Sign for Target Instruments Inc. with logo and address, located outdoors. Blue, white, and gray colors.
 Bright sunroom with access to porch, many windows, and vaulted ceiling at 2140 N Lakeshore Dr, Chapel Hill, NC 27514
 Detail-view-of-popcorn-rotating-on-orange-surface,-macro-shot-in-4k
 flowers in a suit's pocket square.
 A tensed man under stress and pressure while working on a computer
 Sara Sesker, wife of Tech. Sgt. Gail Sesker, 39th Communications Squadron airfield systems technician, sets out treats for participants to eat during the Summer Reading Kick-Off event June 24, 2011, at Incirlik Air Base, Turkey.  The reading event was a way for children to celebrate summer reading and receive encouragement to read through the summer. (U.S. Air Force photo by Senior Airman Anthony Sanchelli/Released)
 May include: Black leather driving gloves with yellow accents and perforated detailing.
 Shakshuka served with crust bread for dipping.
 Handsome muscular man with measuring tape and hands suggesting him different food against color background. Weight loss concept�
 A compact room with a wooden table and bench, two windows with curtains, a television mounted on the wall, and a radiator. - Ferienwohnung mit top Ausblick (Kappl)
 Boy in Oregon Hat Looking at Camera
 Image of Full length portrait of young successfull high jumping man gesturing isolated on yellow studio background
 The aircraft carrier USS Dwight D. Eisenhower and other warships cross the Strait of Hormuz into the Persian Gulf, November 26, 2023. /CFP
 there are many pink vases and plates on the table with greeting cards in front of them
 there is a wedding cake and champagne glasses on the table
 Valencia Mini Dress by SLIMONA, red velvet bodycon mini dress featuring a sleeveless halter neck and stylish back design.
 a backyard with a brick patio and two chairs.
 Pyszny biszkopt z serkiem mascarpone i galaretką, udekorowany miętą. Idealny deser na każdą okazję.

* [EXERCISE PROMPT]
Please restate, exactly as written, the line that holds "Valencia Mini Dress" and all remaining lines of the data above, and only those.

* [EXERCISE RESULT]
 Valencia Mini Dress by SLIMONA, red velvet bodycon mini dress featuring a sleeveless halter neck and stylish back design.
 a backyard with a brick patio and two chairs.
 Pyszny biszkopt z serkiem mascarpone i galaretką, udekorowany miętą. Idealny deser na każdą okazję.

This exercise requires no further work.